The line containing "Mazda 6 2.2 CD Exclusive + - 16" marks the end: quote every line from the start of the records below through it, word for word.

[Scraped caption text data]
_ _ _ _ _

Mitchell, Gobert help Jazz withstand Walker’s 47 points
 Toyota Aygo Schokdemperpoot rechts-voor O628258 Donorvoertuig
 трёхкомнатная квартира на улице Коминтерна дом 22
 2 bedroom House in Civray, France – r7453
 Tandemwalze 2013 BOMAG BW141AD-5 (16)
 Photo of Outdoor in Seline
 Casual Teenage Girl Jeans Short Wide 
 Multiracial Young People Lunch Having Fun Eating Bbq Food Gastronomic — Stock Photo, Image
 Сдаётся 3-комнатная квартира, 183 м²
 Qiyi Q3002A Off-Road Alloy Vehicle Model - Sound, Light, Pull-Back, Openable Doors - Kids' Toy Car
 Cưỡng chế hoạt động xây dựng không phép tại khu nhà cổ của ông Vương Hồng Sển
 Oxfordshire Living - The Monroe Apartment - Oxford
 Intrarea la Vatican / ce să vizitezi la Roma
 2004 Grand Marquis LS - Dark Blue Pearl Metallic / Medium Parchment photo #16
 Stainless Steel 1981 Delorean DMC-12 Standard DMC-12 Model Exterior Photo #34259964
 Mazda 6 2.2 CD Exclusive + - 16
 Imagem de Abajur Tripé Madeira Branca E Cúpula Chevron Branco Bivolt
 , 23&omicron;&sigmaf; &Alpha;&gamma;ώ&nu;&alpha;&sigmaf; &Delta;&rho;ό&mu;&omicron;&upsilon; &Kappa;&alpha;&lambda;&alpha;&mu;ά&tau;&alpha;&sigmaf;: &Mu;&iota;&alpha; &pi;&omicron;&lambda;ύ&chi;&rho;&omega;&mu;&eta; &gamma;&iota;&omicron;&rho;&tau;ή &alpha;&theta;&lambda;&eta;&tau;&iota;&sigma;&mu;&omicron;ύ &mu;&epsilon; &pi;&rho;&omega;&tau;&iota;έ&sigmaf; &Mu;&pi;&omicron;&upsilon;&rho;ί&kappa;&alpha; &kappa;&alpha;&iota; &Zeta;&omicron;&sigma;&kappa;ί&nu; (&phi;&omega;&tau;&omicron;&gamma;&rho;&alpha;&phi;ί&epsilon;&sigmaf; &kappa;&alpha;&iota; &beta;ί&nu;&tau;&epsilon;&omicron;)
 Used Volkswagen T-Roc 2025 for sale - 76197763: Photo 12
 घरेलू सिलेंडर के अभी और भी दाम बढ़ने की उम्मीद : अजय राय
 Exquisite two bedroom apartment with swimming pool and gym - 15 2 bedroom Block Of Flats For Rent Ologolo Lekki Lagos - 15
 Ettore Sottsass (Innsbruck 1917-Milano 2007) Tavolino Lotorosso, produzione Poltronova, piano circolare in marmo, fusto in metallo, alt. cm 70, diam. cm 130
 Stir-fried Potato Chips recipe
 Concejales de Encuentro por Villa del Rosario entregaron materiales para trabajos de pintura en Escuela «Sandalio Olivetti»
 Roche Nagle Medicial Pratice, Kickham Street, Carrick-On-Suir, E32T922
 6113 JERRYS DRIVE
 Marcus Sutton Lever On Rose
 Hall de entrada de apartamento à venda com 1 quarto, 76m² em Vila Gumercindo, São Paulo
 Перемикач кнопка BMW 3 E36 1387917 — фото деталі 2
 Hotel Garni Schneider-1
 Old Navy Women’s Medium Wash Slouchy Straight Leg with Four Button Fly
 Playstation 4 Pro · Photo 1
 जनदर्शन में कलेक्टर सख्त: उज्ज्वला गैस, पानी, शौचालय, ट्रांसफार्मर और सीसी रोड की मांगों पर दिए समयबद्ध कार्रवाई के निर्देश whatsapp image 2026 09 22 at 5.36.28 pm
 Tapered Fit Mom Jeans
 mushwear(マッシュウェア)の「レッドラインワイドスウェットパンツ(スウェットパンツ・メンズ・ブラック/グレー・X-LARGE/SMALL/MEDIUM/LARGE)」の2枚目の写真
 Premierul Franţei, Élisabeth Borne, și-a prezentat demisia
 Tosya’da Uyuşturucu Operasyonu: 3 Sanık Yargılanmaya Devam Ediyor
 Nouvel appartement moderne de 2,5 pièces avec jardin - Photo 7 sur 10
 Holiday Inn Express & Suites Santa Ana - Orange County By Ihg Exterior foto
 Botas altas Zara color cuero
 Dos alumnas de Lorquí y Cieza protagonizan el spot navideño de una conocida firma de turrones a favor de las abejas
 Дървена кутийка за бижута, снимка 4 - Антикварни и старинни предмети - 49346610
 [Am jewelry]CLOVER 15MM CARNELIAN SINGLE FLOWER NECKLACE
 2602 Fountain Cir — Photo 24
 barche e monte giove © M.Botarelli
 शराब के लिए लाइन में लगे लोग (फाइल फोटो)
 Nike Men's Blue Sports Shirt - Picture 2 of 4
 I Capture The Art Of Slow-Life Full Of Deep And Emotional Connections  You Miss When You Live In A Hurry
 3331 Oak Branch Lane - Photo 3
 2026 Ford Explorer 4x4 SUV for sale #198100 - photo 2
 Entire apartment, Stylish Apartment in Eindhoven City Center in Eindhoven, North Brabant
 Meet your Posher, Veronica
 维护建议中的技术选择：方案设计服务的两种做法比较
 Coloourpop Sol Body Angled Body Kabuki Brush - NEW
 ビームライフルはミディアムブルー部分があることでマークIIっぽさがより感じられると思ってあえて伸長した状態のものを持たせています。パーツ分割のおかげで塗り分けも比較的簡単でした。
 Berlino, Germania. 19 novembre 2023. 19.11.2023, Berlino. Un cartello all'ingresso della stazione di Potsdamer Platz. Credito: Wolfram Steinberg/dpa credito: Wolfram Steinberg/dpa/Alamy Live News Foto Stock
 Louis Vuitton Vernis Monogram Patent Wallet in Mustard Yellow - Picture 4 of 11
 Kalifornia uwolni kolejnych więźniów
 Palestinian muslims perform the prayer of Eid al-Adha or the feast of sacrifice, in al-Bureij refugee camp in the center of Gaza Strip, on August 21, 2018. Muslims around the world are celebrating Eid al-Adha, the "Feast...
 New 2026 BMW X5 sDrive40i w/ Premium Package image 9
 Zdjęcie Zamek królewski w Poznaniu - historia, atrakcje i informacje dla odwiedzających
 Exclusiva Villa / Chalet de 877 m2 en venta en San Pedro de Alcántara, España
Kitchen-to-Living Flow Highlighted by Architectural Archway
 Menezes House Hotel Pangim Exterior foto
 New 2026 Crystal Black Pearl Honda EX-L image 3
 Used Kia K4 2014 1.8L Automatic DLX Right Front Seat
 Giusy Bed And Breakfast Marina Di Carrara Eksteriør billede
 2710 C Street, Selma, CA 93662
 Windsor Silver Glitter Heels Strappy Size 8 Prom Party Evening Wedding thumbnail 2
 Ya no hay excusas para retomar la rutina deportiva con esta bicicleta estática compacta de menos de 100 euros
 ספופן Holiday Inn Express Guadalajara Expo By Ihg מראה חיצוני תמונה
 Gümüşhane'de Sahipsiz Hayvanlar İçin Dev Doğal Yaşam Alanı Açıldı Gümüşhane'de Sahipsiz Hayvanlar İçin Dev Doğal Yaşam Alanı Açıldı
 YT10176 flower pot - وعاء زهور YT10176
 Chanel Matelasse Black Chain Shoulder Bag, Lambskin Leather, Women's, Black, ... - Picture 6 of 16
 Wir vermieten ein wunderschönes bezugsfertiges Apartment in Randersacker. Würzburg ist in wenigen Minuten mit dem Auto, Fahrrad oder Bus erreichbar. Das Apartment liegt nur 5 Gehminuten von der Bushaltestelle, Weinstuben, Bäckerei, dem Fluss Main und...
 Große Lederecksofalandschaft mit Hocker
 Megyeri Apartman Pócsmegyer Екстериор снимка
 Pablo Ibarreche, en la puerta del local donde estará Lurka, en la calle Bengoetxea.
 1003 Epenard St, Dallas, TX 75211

_ _ _ _ _

ANSWER SPACE:
Mitchell, Gobert help Jazz withstand Walker’s 47 points
 Toyota Aygo Schokdemperpoot rechts-voor O628258 Donorvoertuig
 трёхкомнатная квартира на улице Коминтерна дом 22
 2 bedroom House in Civray, France – r7453
 Tandemwalze 2013 BOMAG BW141AD-5 (16)
 Photo of Outdoor in Seline
 Casual Teenage Girl Jeans Short Wide 
 Multiracial Young People Lunch Having Fun Eating Bbq Food Gastronomic — Stock Photo, Image
 Сдаётся 3-комнатная квартира, 183 м²
 Qiyi Q3002A Off-Road Alloy Vehicle Model - Sound, Light, Pull-Back, Openable Doors - Kids' Toy Car
 Cưỡng chế hoạt động xây dựng không phép tại khu nhà cổ của ông Vương Hồng Sển
 Oxfordshire Living - The Monroe Apartment - Oxford
 Intrarea la Vatican / ce să vizitezi la Roma
 2004 Grand Marquis LS - Dark Blue Pearl Metallic / Medium Parchment photo #16
 Stainless Steel 1981 Delorean DMC-12 Standard DMC-12 Model Exterior Photo #34259964
 Mazda 6 2.2 CD Exclusive + - 16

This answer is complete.